The increasing complexity of electronic circuits, with smaller feature sizes and larger overlayers, has made it harder to test at ion beam facilities as the circuits require expensive and difficult preparation for the low-energy ion beams currently in use. In space, high energy ionizing particles can easily traverse the overlayers to reach the sensitive volume where SEE occur. Accelerator facilities performing SEE testing use lower-energy ion beams, which have difficulty reaching these sensitive volumes. Therefore, costly de-lidding of parts is required which is a destructive process removing the outermost layers of a circuit and leaving the exposed circuit in a state that can be difficult to test (e.g. thermal properties are altered) and which is not representative of the on-orbit configuration of the circuit.
PHASE I:
Develop a concept to improve existing low energy test capabilities (10 MeV/n or less ion accelerators) and increase their energy to 100 MeV/n or more. Or develop a concept to create a new accelerator that reaches 100 MeV/n or more and can fit into a standard shipping container. Standard ISO shipping container dimensions are: 8ft (2.43m) wide, 8.5ft (2.59m) high and 40ft (6.06m) (Threshold) or 20ft (12.2m) (Objective) long. Provide a detailed report documenting the concept design and its expected max energy levels. For new designs, provide a phased plan of the critical elements to be prototyped if the entire design cannot be prototyped in one follow-on phase.
PHASE II:
For designs enhancing current accelerators: Create and provide a prototype of the improved elements/subcomponents for upgrading or adapting a current ion accelerator design to reach the enhanced energy level documented in Phase I. Provide modeling and simulation to demonstrate a complete final design along with a documented approach for implementing these elements and enhancements on a current accelerator design. Identify potential accelerator facilities or manufacturers with which to partner for Phase III implementation.
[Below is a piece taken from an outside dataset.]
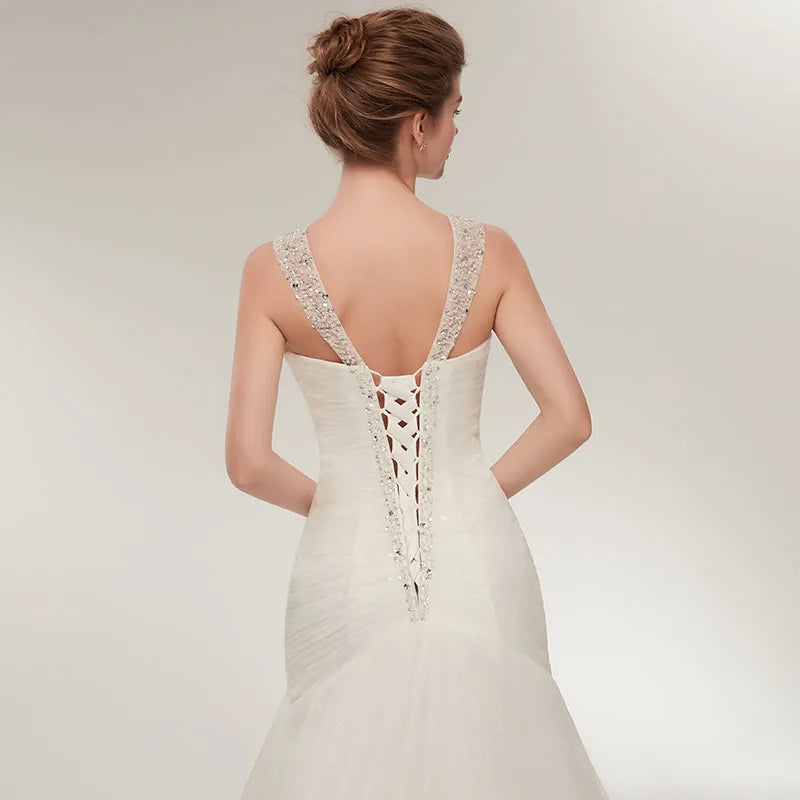 Roycebridal Beach Wedding Dresses Vestido Noiva Simple White Tulle V-neck Bridal Gown robe de mariage vestido de noiva sereia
For new designs: Create and provide a prototype of the new design. If the full prototype cannot be completed in this phase, create and provide prototypes of the critical parts/subcomponents of a new design that would be essential for meeting the increased energy benchmark of 100 MeV/n or more along with modeling and simulation of the final design to demonstrate the capability to fit into a standard shipping container.
PHASE III:
Build an operational, improved, or new design ion accelerator that can reach 100 MeV/n or more and operate for 2,000 hours per year. For a design that is an improvement on existing accelerators, if necessary, partner with existing ion testing facilities and/or a manufacturer of current accelerators to demonstrate implementation of the improved design. For new designs, build the final accelerator to fit within a standard shipping container.
KEYWORDS: Ionizing radiation, testing, SEE, Heavy-ion, accelerator, microelectronics
References:
1. Pellish, Jonathan A. et al., Heavy ion testing at the galactic cosmic ray energy peak, IEEE - 2009 European Conference on Radiation and Its Effects on Components and Systems (RADECS), Sept. 14-18, 2009.
2. Schwank, James R. et al, Radiation Hardness Assurance Testing of Microelectronic Devices and Integrated Circuits: Test Guideline for Proton and Heavy Ion Single-Event Effects, IEEE-Transactions on Nuclear Science, Vol. 60, No. 3, June 2013.